Tuesday, November 22, 2022

Today -100: November 22, 1922: There is not a bit of altruism in our foreign policy


Pres. Harding addresses a joint session of Congress to ask them for a ship subsidy bill for the merchant navy. He tells the congresscritters it is “loftier statesmanship to support and commend a policy designed to effect the larger good of the nation than merely to record the too-hasty expressions of a constituency.” Congresscritters are not taking well to being scolded for listening to the views of their constituents.
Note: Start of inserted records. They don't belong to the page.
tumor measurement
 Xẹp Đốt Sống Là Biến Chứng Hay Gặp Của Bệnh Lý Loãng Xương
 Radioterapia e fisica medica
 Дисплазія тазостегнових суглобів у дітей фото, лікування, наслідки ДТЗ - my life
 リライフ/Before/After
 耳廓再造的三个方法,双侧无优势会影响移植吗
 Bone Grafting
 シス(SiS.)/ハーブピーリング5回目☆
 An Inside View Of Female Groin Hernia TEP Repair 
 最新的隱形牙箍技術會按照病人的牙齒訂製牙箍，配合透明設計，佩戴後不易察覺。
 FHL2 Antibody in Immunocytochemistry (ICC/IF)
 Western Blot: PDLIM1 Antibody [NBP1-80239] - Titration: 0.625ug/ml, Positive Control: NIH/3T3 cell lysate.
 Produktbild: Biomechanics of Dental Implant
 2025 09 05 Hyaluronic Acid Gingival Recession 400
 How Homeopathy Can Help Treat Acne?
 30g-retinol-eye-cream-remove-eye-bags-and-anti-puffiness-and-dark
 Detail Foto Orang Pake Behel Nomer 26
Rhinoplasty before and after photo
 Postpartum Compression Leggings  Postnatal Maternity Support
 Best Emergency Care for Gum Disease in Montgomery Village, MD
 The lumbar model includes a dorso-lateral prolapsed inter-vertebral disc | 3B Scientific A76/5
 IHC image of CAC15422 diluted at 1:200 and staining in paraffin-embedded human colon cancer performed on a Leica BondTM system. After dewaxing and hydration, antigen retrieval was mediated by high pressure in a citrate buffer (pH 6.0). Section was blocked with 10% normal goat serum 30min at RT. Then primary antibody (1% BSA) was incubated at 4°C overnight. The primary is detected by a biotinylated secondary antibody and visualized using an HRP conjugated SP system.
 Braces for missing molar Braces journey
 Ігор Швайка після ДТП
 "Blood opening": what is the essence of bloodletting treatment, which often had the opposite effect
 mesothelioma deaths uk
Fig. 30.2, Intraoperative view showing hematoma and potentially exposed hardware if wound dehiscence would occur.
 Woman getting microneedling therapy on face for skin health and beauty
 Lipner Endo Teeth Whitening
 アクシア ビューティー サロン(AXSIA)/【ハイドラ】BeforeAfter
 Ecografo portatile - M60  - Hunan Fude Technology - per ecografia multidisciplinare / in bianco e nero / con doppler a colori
There’s another movement in Germany modeled on the Italian Fascists and the “Bavarian Hittlerites,” the Pan German Workers’ Party in Berlin. The Bavarian Parliament discusses the “Hittlerite” fascists for the first time; the interior minister admits that the movement is in a few points unacceptable but the rest can be accepted and Bavaria is strong enough “to cope alone with excesses of radicalism from either Left or Right.” So that’s okay then.

The French Senate rejects women’s suffrage, 156-134.

Exiled former sultan of Turkey Mohammed VI sends a message to Constantinople asking about all the wives he left behind when he fled. “All are well and happy,” he is informed.

In that referendum in Bulgaria, 75% vote to convict 22 former ministers of treason for getting the country into the Great War.

The Legislature of British Columbia votes unanimously to ask the federal government to ban immigration by Asiatics.

At the Lausanne Conference, Mussolini, “short and radiant,” tells a reporter that “There is not a bit of altruism in our foreign policy,” which is “nothing for nothing.”

Rebecca Latimer Felton is sworn in as US senator. First woman in the Senate, last slave-owner, 87 years old.

British PM Bonar Law refuses to meet a deputation of the unemployed, who have marched to London.

Ramsay MacDonald (or Macdonald, as the NYT misspells it) is elected leader of the Labour Party by Labour MPs, replacing J.R. Clynes, who led the party to electoral victory last week.

Kansas Attorney General Richard Hopkins files suit against 7 KKK state officials, since the Klan don’t have a charter to do business in Kansas. He wants it banned from holding meetings where the participants are concealed, fomenting racial/religious hostilities, and assembling to do unlawful things.